Recessions are typically characterized by inventory cycles – 80% of the decline in GDP is typically due to the de-stocking in the manufacturing sector. Traditional policy stimulus almost always works to absorb the excess by stimulating domestic demand. Depressions often are marked by balance sheet compression and deleveraging: debt elimination, asset liquidation and rising savings rates. When the credit expansion reaches bubble proportions, the distance to the mean is longer and deeper. Unfortunately, as our former investment strategist Bob Farrell’s Rule #3 points out, excesses in one direction lead to excesses in the opposite direction.
The day after I highlighted Ray Dalio’s version of this story which added some more color. Notice the part about printing money and devaluing the currency if the debt is in your own currency.
… economies go through a long-term debt cycle – a dynamic that is self-reinforcing, in which people finance their spending by borrowing and debts rise relative to incomes and, more accurately, debt-service payments rise relative to incomes. At cycle peaks, assets are bought on leverage at high-enough prices that the cash flows they produce aren’t adequate to service the debt. The incomes aren’t adequate to service the debt. Then begins the reversal process, and that becomes self-reinforcing, too. In the simplest sense, the country reaches the point when it needs a debt restructuring…
This has happened in Latin America regularly. Emerging countries default, and then restructure.
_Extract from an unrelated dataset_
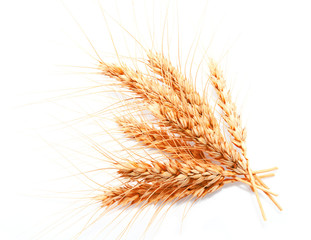 Wheat ears isolated on a white background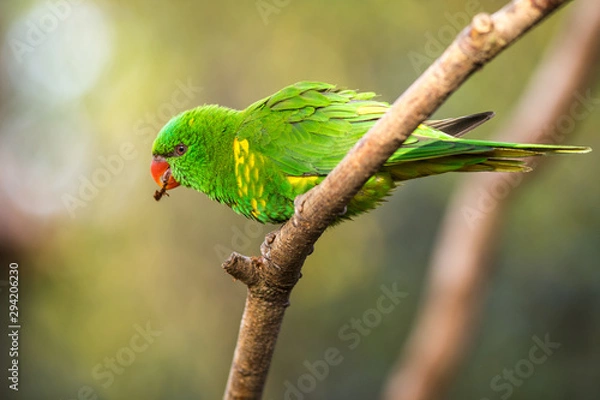 Fototapeta Lori lorikeet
It is an essential process to get them economically healthy.
We will go through a giant debt-restructuring, because we either have to bring debt-service payments down so they are low relative to incomes – the cash flows that are being produced to service them – or we are going to have to raise incomes by printing a lot of money.
It isn’t complicated. It is the same as all bankruptcies, but when it happens pervasively to a country, and the country has a lot of foreign debt denominated in its own currency, it is preferable to print money and devalue…
The Federal Reserve went out and bought or lent against a lot of the debt. That has had the effect of reducing the risk of that debt defaulting, so that is good in a sense. And because the risk of default has gone down, it has forced the interest rate on the debt to go down, and that is good, too.
However, the reason it hasn’t actually produced increased credit activity is because the debtors are still too indebted and not able to properly service the debt. Only when those debts are actually written down will we get to the point where we will have credit growth. There is a mortgage debt piece that will need to be restructured. There is a giant financial-sector piece – banks and investment banks and whatever is left of the financial sector – that will need to be restructured. There is a corporate piece that will need to be restructured, and then there is a commercial-real-estate piece that will need to be restructured.
The Fake Recovery
So where are we, then? We are in a fake recovery that could last as long as three or four years or could peter out very quickly in a double dip recession. You may have seen my April post on the fake recovery. Read it. I won’t cover that ground here. However, I will highlight how I came to believe in the fake recovery and how asset prices have played into this period (the S&L crisis played out nearly the same way). I see writedowns as core to the transmission mechanism of debt and credit problems to the real economy via reduced supply and demand for credit. Again, this is why my site is called Credit Writedowns.